Russian authorities said Friday that the death toll from a Ukrainian drone strike they said struck a café in a Russian-occupied village in Ukraine’s Kherson region rose to 27 people. Kyiv denied attacking civilian targets.
Svetlana Petrenko, spokeswoman of Russia’s main criminal investigation agency, the Investigative Committee, said in a statement that a Ukrainian drone strike on a café and hotel in the village of Khorly, where at least 100 civilians were celebrating New Year’s Eve overnight into Thursday, killed 27 people, including two minors. A total of 31, including five minors, were hospitalized with injuries.
A criminal probe on the charges of carrying out an act of terrorism has been opened, Petrenko said.
Kyiv denied attacking civilians. Spokesman of Ukraine’s General Staff, Dmytro Lykhovii, told Ukraine’s public broadcaster Suspilne on Thursday that Ukrainian forces “adhere to the norms of international humanitarian law” and “carry out strikes exclusively against Russian military targets, facilities of the Russian fuel and energy sector, and other lawful targets.”
Lykhovii said that General Staff has published an explicit list of targets that the Ukrainian army struck on the night of New Year’s Eve. The list did not include strikes on occupied parts of the Kherson region.
Lykhovii noted that Russia has repeatedly used disinformation and false statements to disrupt the ongoing peace negotiations.
The Associated Press could not independently verify claims made about the attack.
Russia’s accusations against Ukraine come amid a US-led diplomatic push to end the nearly four-year war in Ukraine. Earlier this week, Moscow alleged that Kyiv launched a long-range drone attack against a residence of Russian President Vladimir Putin in northwestern Russia overnight from Sunday to Monday.
Kyiv has called the allegations of an attack on Putin’s residence a ruse to derail ongoing peace negotiations, which have ramped up in recent weeks on both sides of the Atlantic.

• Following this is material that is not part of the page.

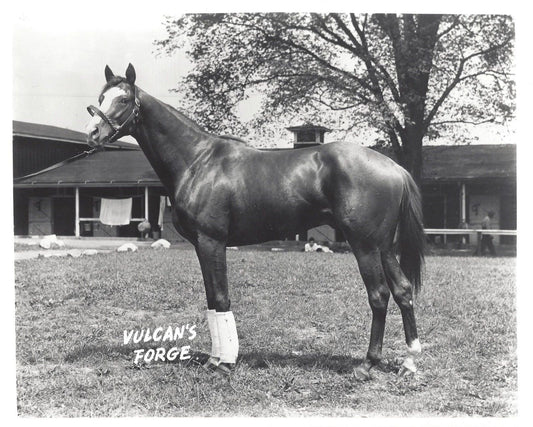 Vulcan'S Forge Photo Horse Racing Picture Jockey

In his New Year’s address, Ukrainian President Volodymyr Zelensky said that a peace deal was “90 percent ready” but warned that the remaining 10 percent, believed to include key sticking points such as territory, would “determine the fate of peace, the fate of Ukraine and Europe, how people will live.”
Trump’s special envoy Steve Witkoff said Wednesday that he, Secretary of State Marco Rubio and Trump’s son-in-law and adviser Jared Kushner had a “productive call” with the national security advisers of Britain, France, Germany and Ukraine “to discuss advancing the next steps in the European peace process.”
Elsewhere in Ukraine, Russia conducted what local authorities called “one of the most massive” drone attacks at Zaporizhzhia overnight.
At least nine Russian drones struck the city, damaging dozens of residential buildings and other civilian infrastructure, head of the regional administration, Ivan Fedorov, wrote on Telegram on Friday. There were no casualties, the official said.
Overall, Russia fired 116 long-range drones at Ukraine last night, according to Ukraine’s Air Force, which said that 86 drones were intercepted, while 27 more have reached their targets.
The Russian Defense Ministry reported Friday that its air defenses intercepted 64 Ukrainian drones overnight over multiple Russian regions.
Vyacheslav Gladkov, governor of Russia’s Belgorod region on the border with Ukraine, on Friday also accused Ukrainian forces of carrying out a missile strike on the city of Belgorod. Two women were hospitalized with injuries, Gladkov said. The strike shattered windows in multiple residential buildings and damaged an unspecified “commercial” facility and a number of cars, according to the official.